— WHAT TO DO —
Skip the images and restate every line of the records exactly.

DATA FOR ANALYSIS section start

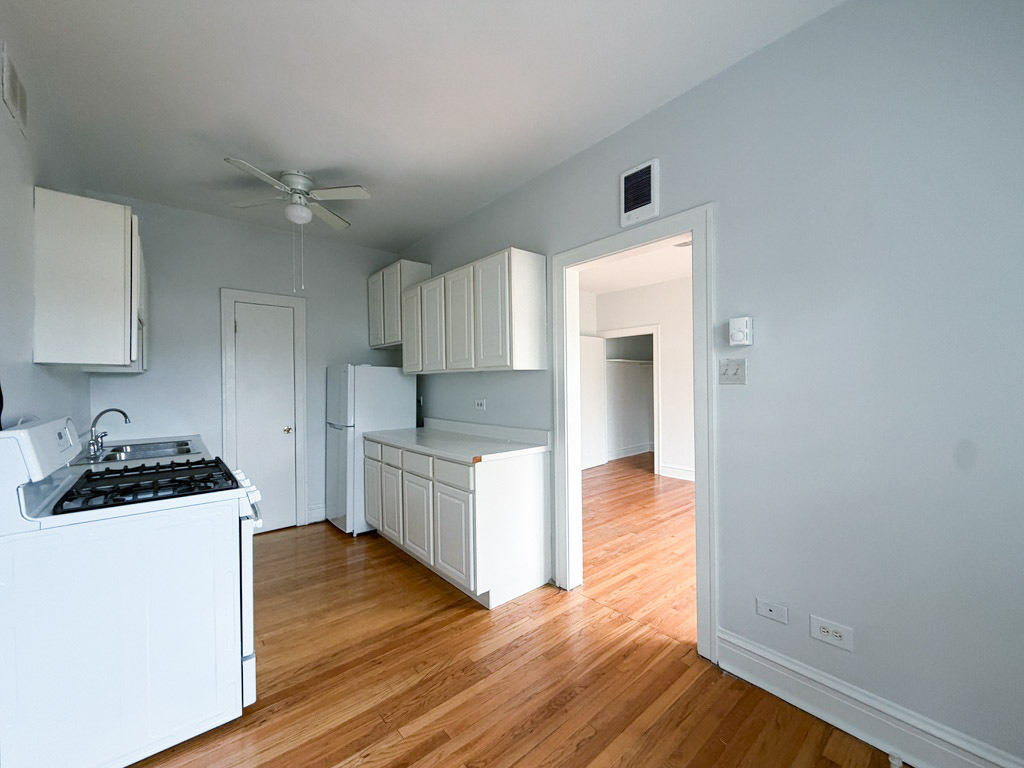 3449 N Elaine Place - Photo 4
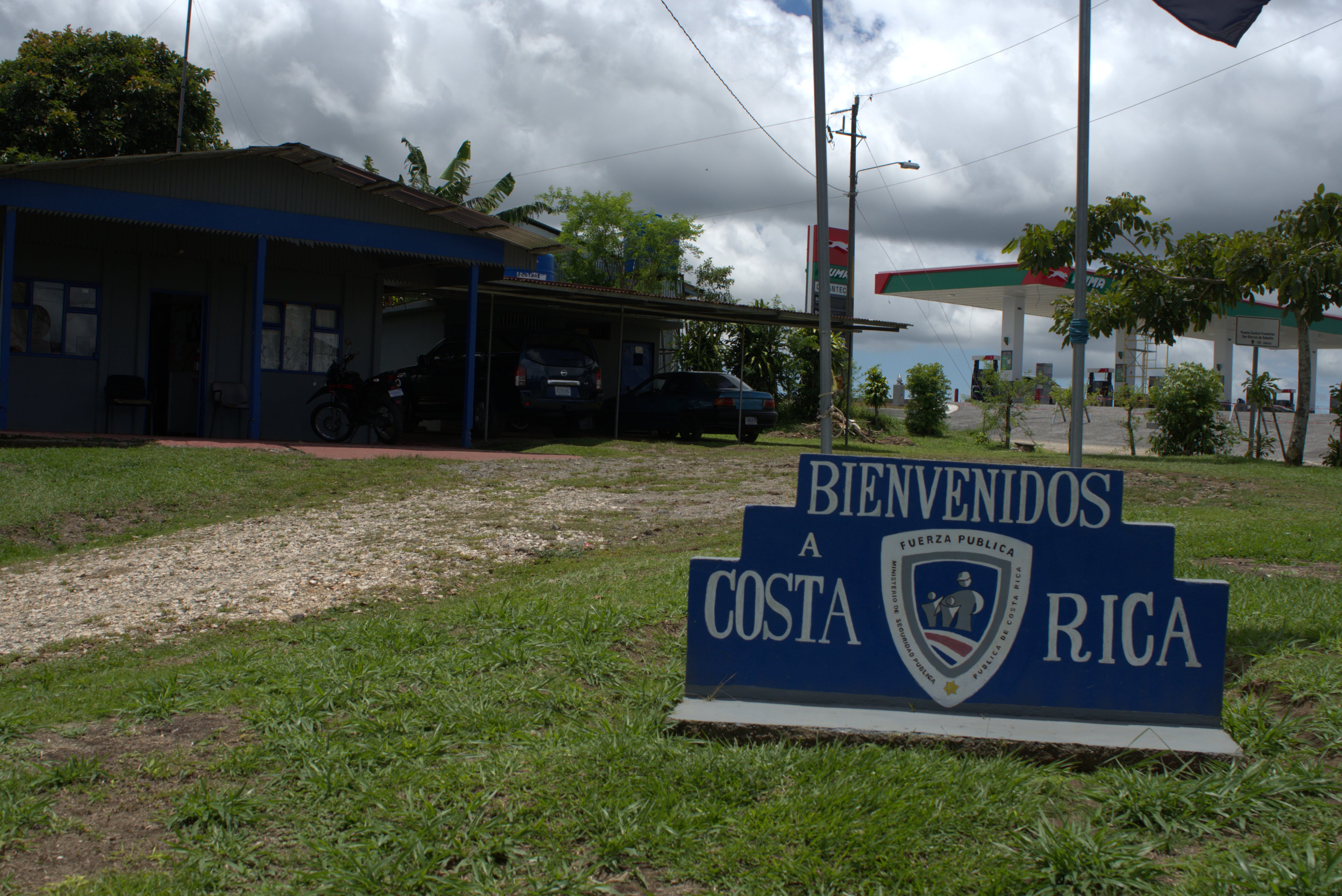 Según una persona vinculada al tráfico ilegal de cigarrillos y licores, los contrabandos pasan por la frontera entre Costa Rica y Panamá gracias al pago de dádivas a cuerpos policiales de ambas naciones.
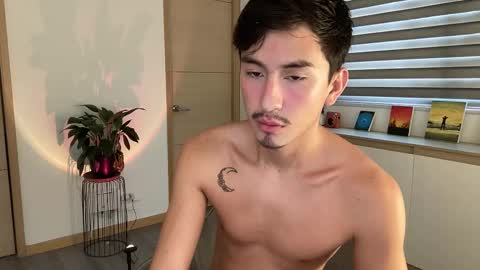 Snapshot of sweettaaron chatting on October 18, 5:35 pm Andy online show from October 18, 5:35 pm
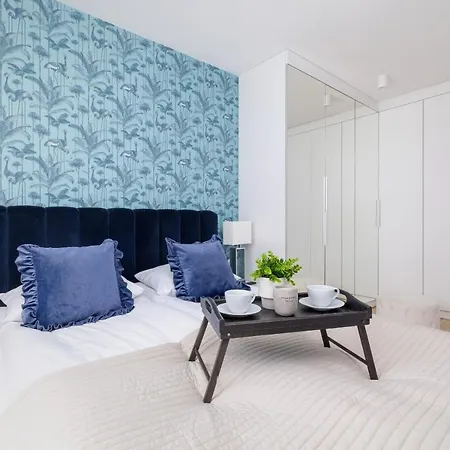 Vetulaniego With Air Conditioning & Parking By Renters Prestige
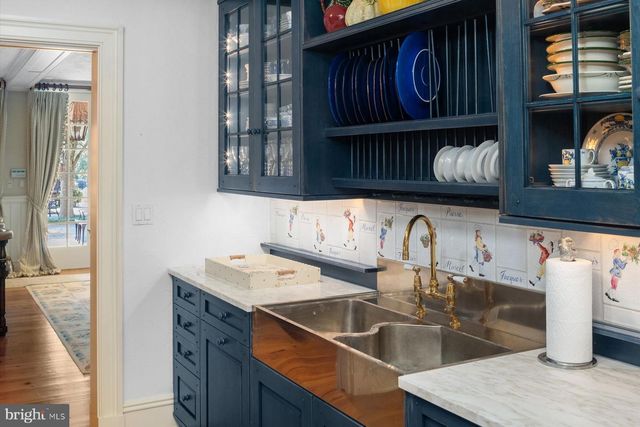 1534 N TROOPER RD, Worcester, PA 19490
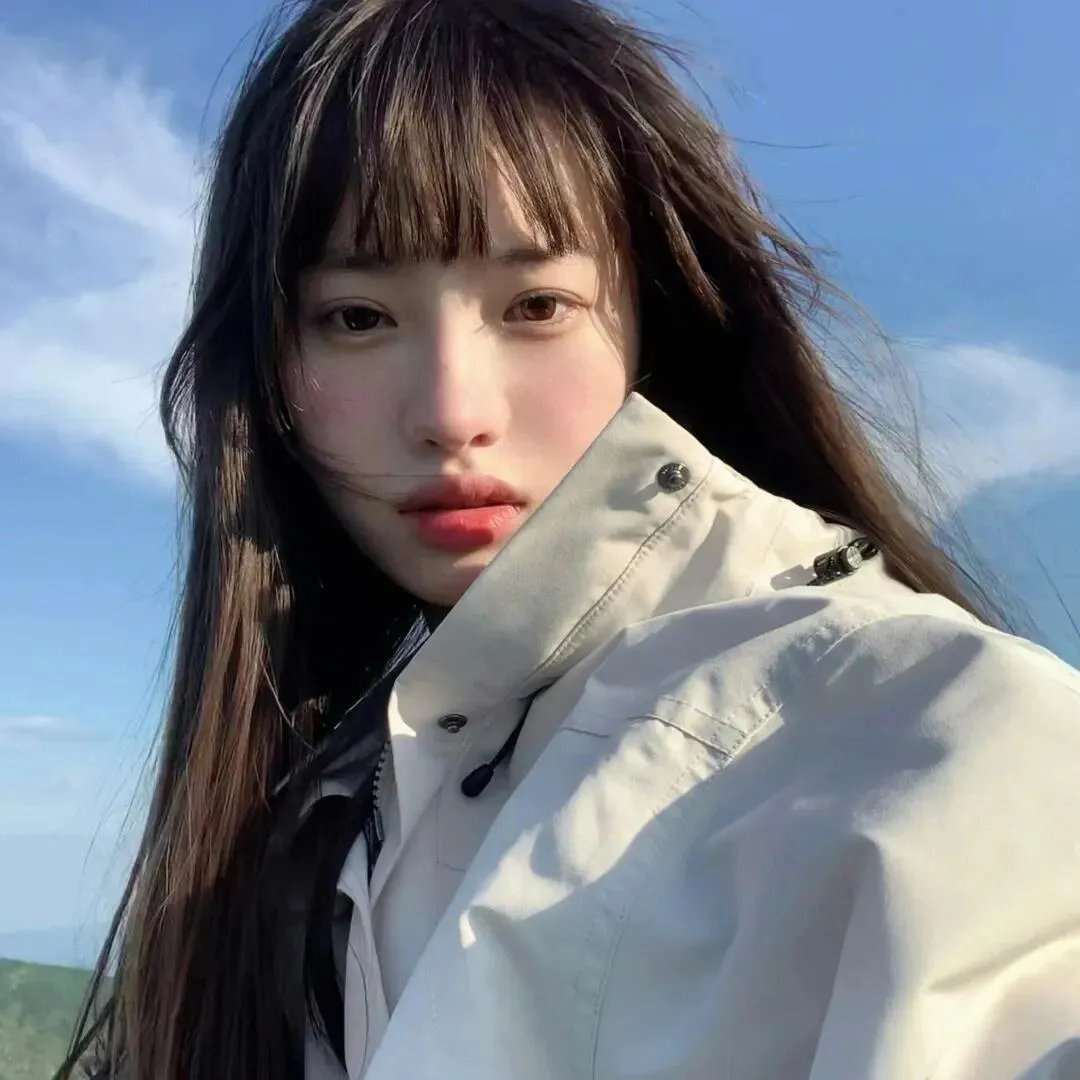 九顶假发的女孩
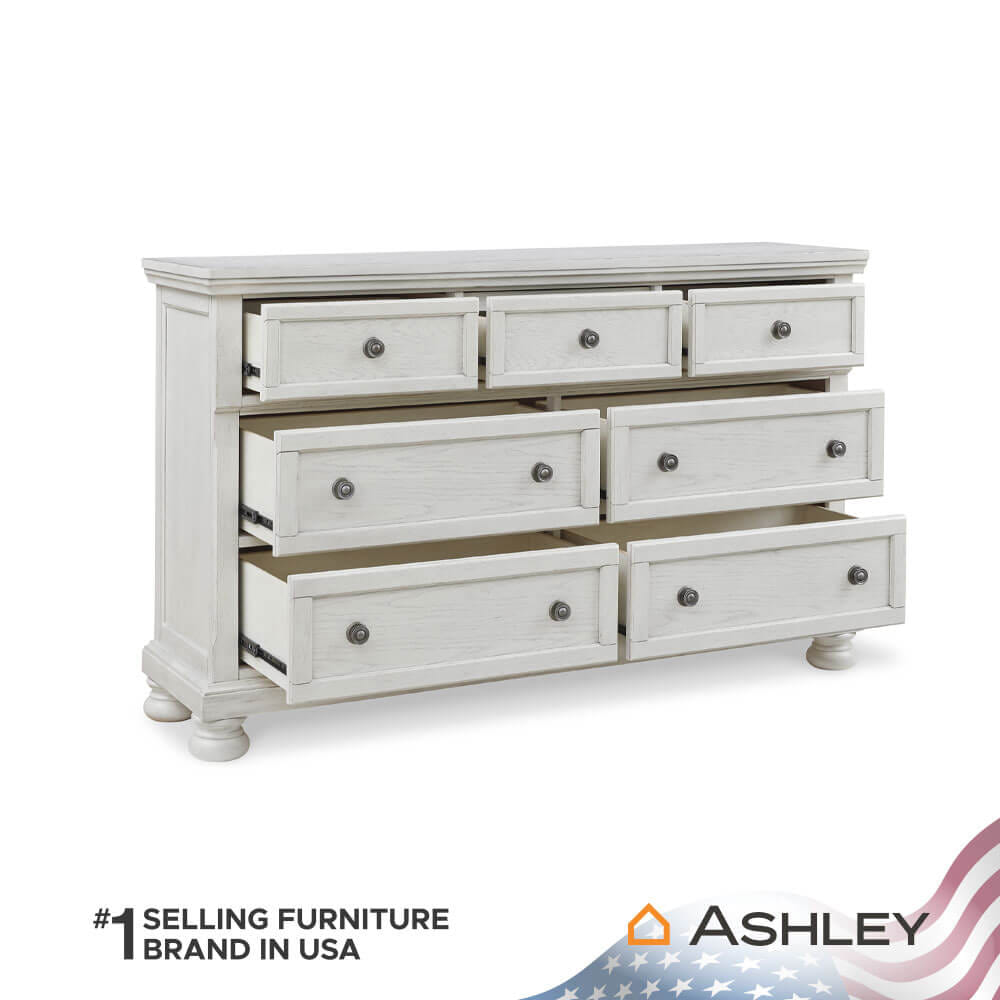ตู้ลิ้นชัก 7 ลิ้นชัก ASHLEY FURNITURE HOMESTORE รุ่น ROBBINSDALE/166 สีขาววินเทจ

DATA FOR ANALYSIS section end

— SOLUTION FOR THIS EXERCISE —
 3449 N Elaine Place - Photo 4
 Según una persona vinculada al tráfico ilegal de cigarrillos y licores, los contrabandos pasan por la frontera entre Costa Rica y Panamá gracias al pago de dádivas a cuerpos policiales de ambas naciones.
 Snapshot of sweettaaron chatting on October 18, 5:35 pm Andy online show from October 18, 5:35 pm
 Vetulaniego With Air Conditioning & Parking By Renters Prestige
 1534 N TROOPER RD, Worcester, PA 19490
 九顶假发的女孩
ตู้ลิ้นชัก 7 ลิ้นชัก ASHLEY FURNITURE HOMESTORE รุ่น ROBBINSDALE/166 สีขาววินเทจ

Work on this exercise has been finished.